Avec tout le bruit que ça fait, j’espère vraiment que le Brésil va gagner. En plus, historiquement, ce serait bien après la défaite de 1950. Une grande tristesse à l’époque, donc ça va être la même chose si on ne gagne pas cette année. Tous ceux qui sont devenus coachs de la Seleção derrière ont eu cette envie de vengeance. Tous les quatre ans, on parle de 1950, on voit des images à la télé. Je trouve bizarre qu’il n’y ait pas Robinho et Kaká, mais je fais confiance à Scolari parce qu’il nous a amené la cinquième étoile, il a fait de jolies choses avec le Portugal et des clubs brésiliens. C’est un mec qui sait ce qu’il fait. En 2002, tout le monde était contre lui, contre l’équipe qu’il avait sélectionnée. Sept matchs à faire le dos rond avec 190 millions de personnes qui disent que ce que tu fais, c’est pas bon et finalement… Il ramène la Coupe du monde.
Robinho et Kaká n’ont plus vraiment leur place, non ?
Je sais pas, Kaká a fait quelques bons matchs. Et Robinho, il n’a jamais été trop aimé. Même s’il a le même parcours que Pelé. Révélé très jeune, arrivé à Santos, donc on l’attendait un peu à ce Mondial, quand même. Mais il y a tellement d’étoiles au Brésil que c’est compliqué de faire sa sélection. De toute façon, là, on est parti sur une nouvelle génération. Après, c’est vrai qu’on parle beaucoup des Brésiliens d’Europe, mais il y a finalement beaucoup de bons joueurs au pays. Je parlais de Renato Gaúcho. C’est le même exemple.
Le vrai « nouveau Pelé » , c’est pas censé être Neymar, plutôt ?
Neymar est arrivé et il a tout pris. C’est comme ça. Neymar, c’est la même chose que les cartol, sauf que le foot a évolué et ce sont les parents qui font du business, maintenant. Dès qu’ils sentent que leurs fils commencent à bien jouer, ils essaient d’en tirer le meilleur. Ça me pose un petit problème parce que c’est devenu un vrai travail. Maintenant, si tu es un garçon, on te dit : « Tu vas devenir footballeur. » Bien sûr, les parents veulent toujours le meilleur pour leur enfant, mais là, il n’y a pas que ça. C’est aussi qu’en devenant footballeur, tu peux sauver toute ta famille avec des contrats à 300 000 euros. C’est comme le marché de la musique : beaucoup d’appelés, peu d’élus. Et beaucoup se retrouvent déçus. Ceci dit, ça a l’avantage de ses inconvénients : au moins, Neymar est avec son père. Parce que nombreux sont ceux qui se sont fait avoir par des agents.

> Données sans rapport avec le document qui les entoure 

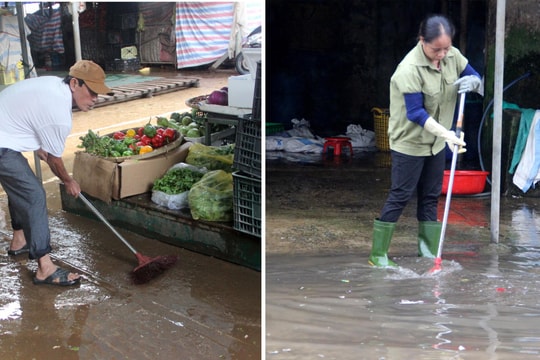Tiểu thương TP Vinh tập trung dọn dẹp, ổn định kinh doanh sau nước rút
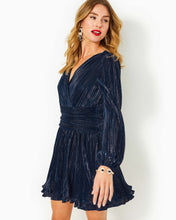 Load image into Gallery viewer, Jessamie Long Sleeve Dress -  Low Tide Navy Foil Printed Crinkle Woven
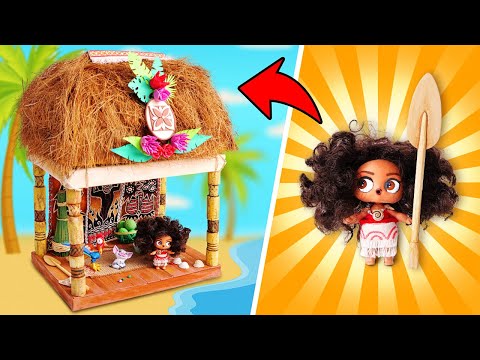 Hagamos un maravilloso cambio de look al estilo de Moana en una muñeca ordinaria || Casa de muñecas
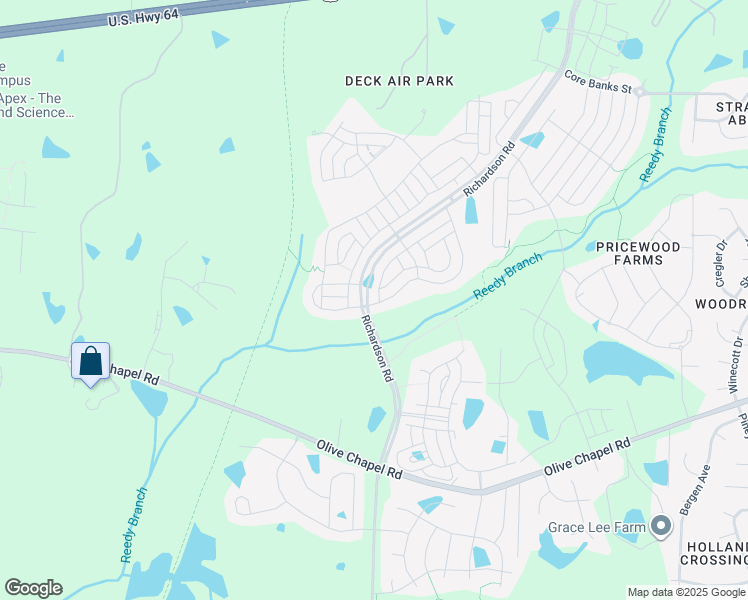 map of restaurants, bars, coffee shops, grocery stores, and more near 1328 Barn Cat Way in Apex
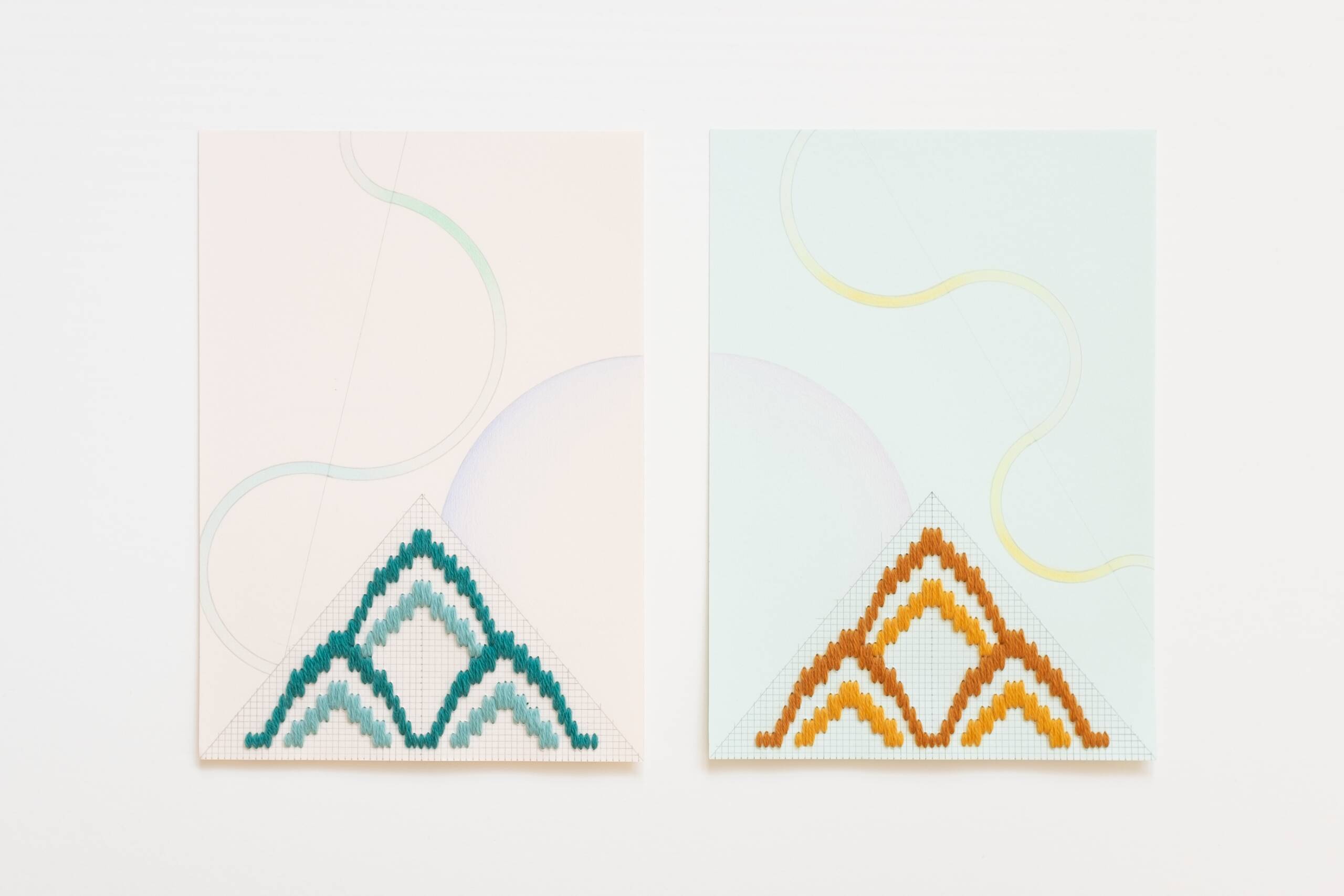 Bargello triangles [teal on peach and gold on green] (diptych), Hand-embroidered wool yarn, pencil and colored pencil on 170 gsm paper, 2021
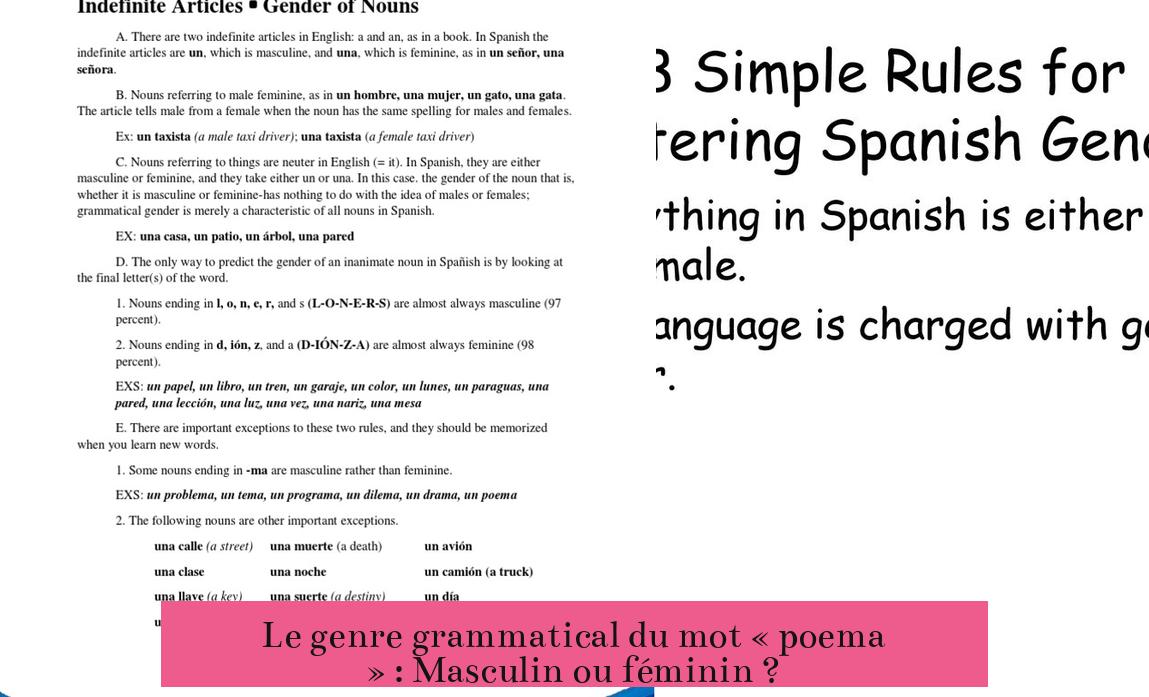 Le genre grammatical du mot « poema » : Masculin ou féminin ?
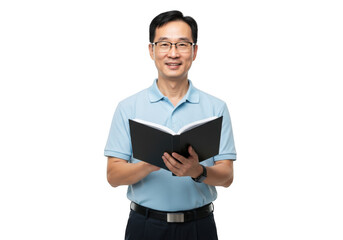 Smiling asian man holding an open book isolated on transparent background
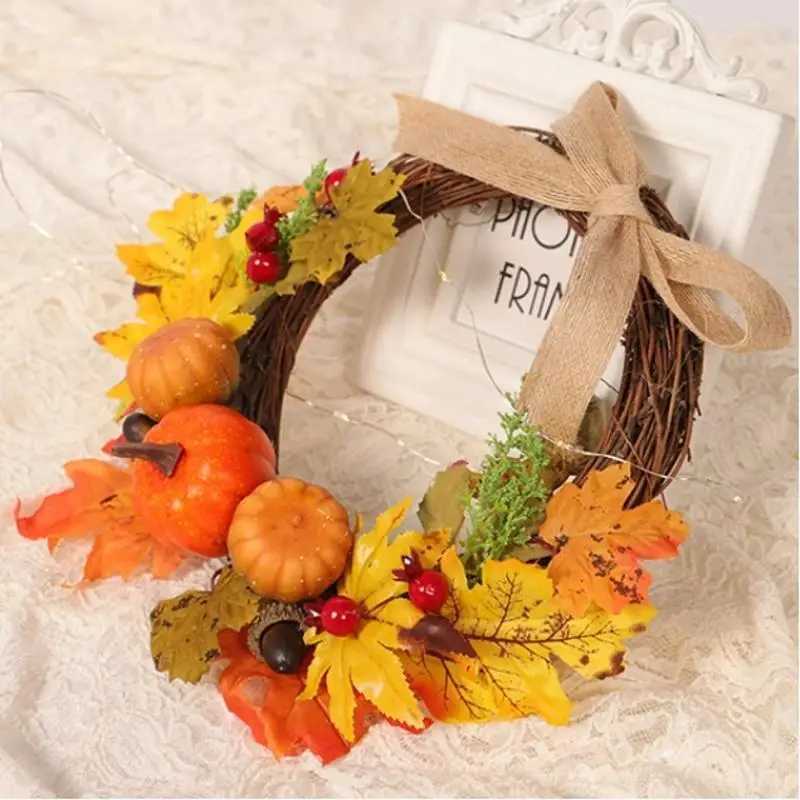 Thanksgiving Halloween Door Hanging Pumpkin Maple Leaf Bell Garland Household Decoration Halloween Wall Hanging Halloween Decor C250919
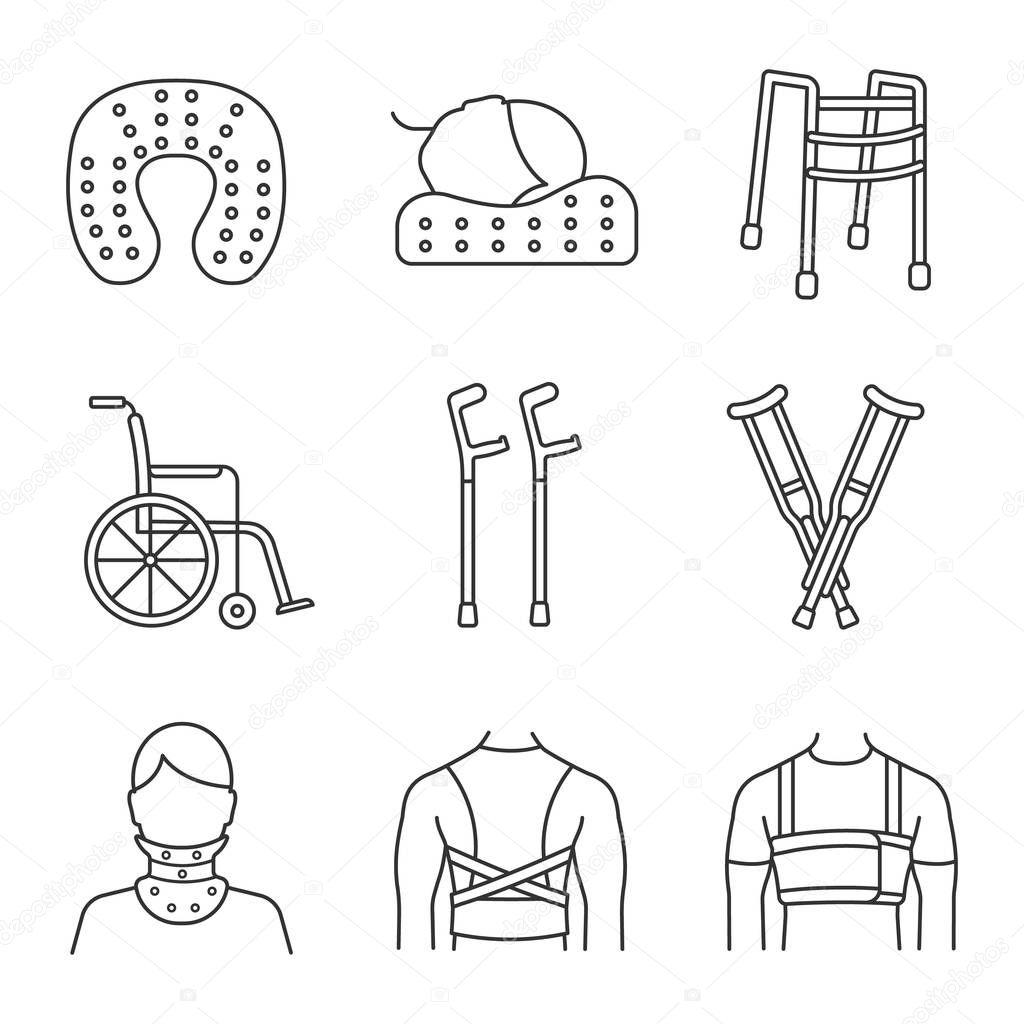 Trauma treatment linear icons set. Posture corrector, neck pillow, wheelchair, axillary, elbow crutches, cervical collar, walker, rib belt.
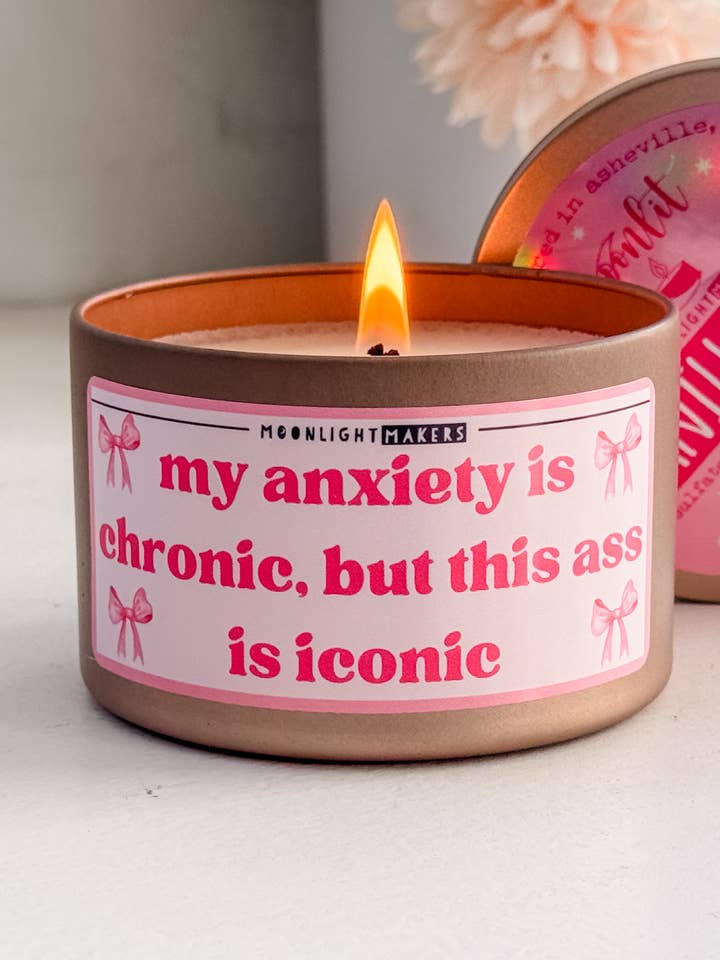 Anxiety Chronic, Ass Iconic - 8oz Candle - Rose Gold, Soy and other Purchase Wholesale merry makers. Free Returns & Net 60 Terms on Faire trending on Faire.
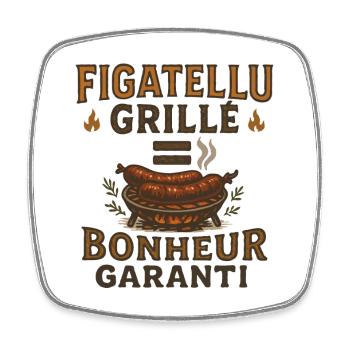 Figatellu Grill = Bonheur Garanti - Magnet carré - blanc - Devant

Plus que dans n’importe quel autre pays, le football fait vraiment partie intégrante du Brésil. Comment tu l’expliques ?
Parce qu’on a toujours grandi avec l’impression qu’on était pauvres. Pauvres de tout : la nourriture, le confort, l’éducation. Il y a trente ans, on sort d’un coup d’État et on devient une démocratie du jour au lendemain. On ne sait pas comment faire et on tombe sur un tourbillon de corruption. La seule chose qu’il nous restait, c’était le foot. Il est dans tous les téléviseurs, on n’a pas besoin d’argent pour le pratiquer et de nombreux joueurs sortent des quartiers. C’est le sport national des pauvres. Après est venu le voley-ball, le deuxième sport national, c’est vrai. Mais le foot, c’est ça : le manque d’accès aux choses et le plaisir simple de voir gagner les gens.